> [Stored items from a collection]
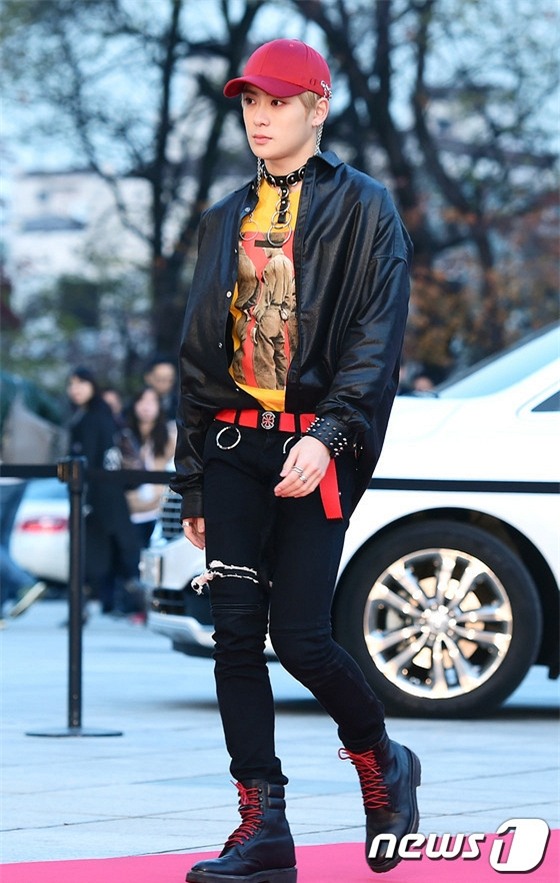 Chi Pu đẹp nổi bật bên Park Shin Hye trên thảm đỏ Asia Artist Awards 3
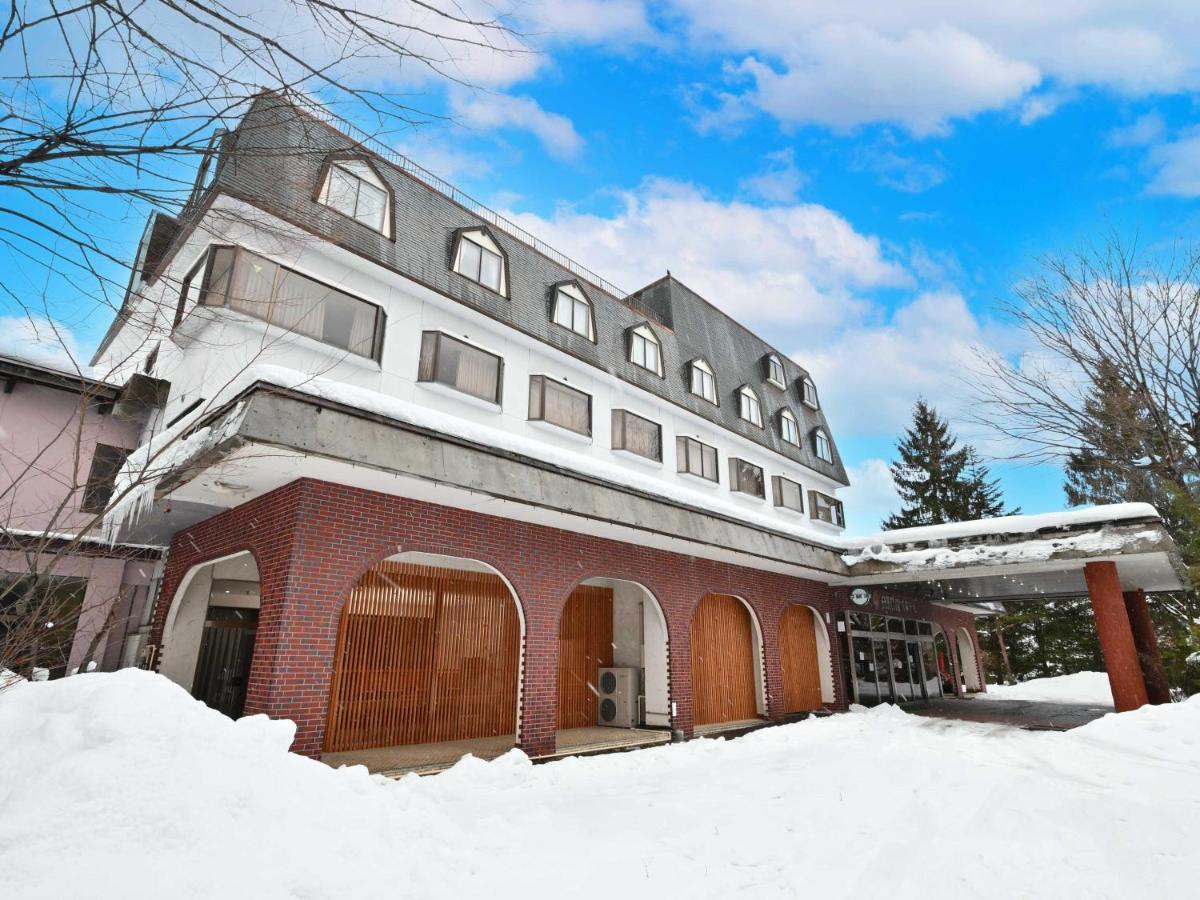 Hakuba Royal Hotel Экстерьер фото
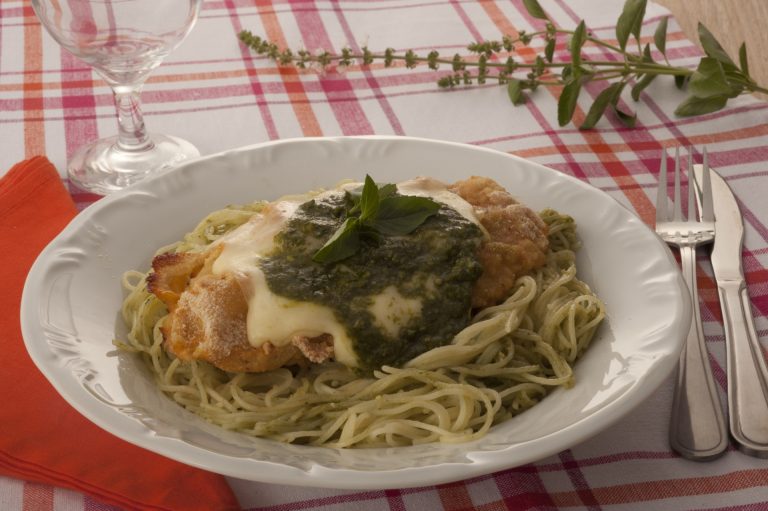 Frango à Milanesa com Molho ao Pesto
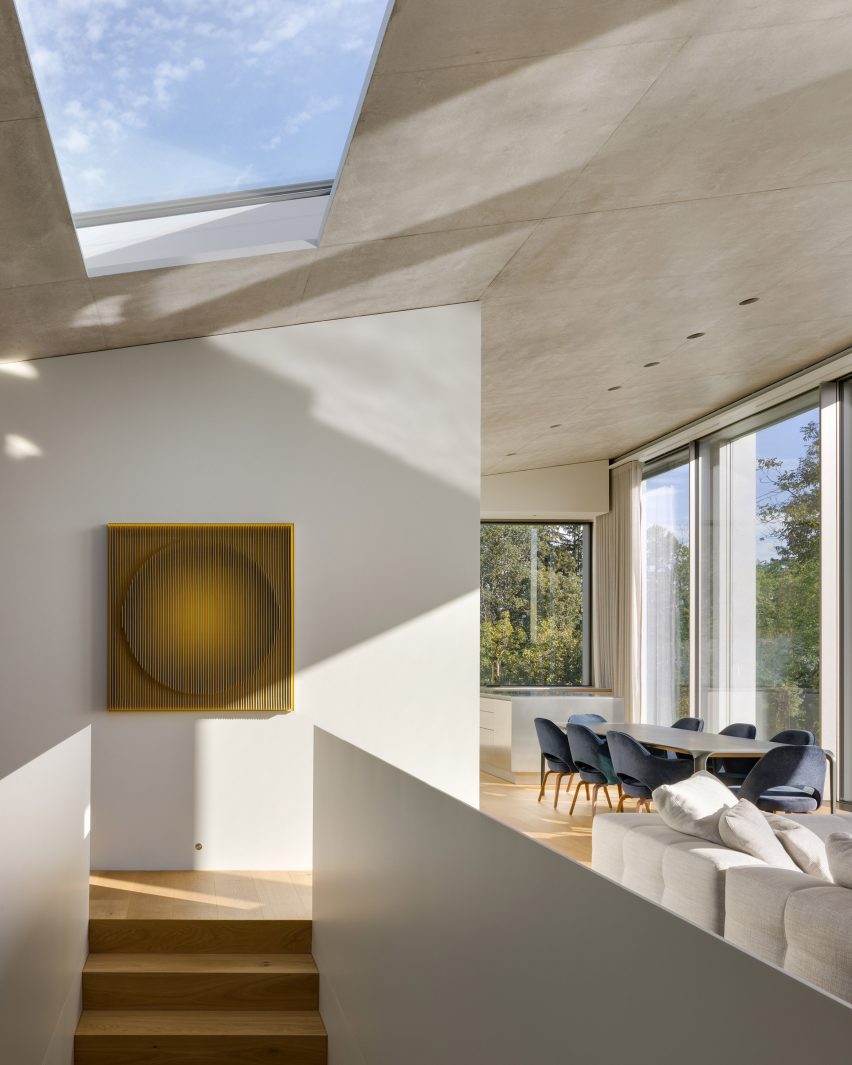 Uetikon villa by Pérez Palacios Arquitectos Asociados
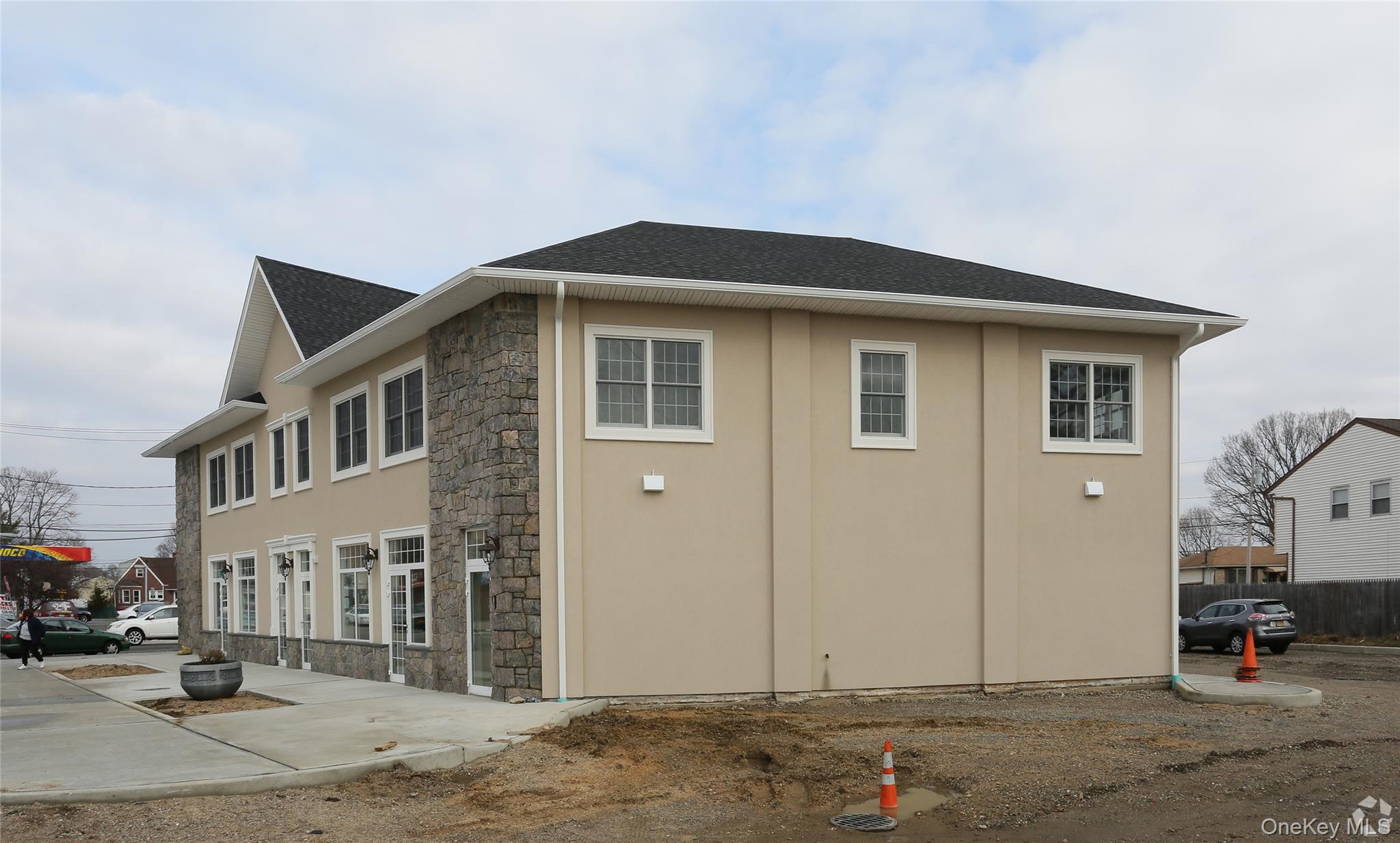 1025-1033 Little East Neck Rd Road West Babylon, NY 11704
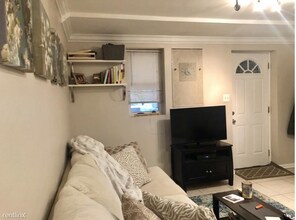 902 I St SE in Washington, DC - Foto de edificio - Building Photo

> [What the task requires] Please restate word for word each line from the one containing "1025-1033 Little East" to the end of the data above, without the pictures.

> [Solution]
 1025-1033 Little East Neck Rd Road West Babylon, NY 11704
 902 I St SE in Washington, DC - Foto de edificio - Building Photo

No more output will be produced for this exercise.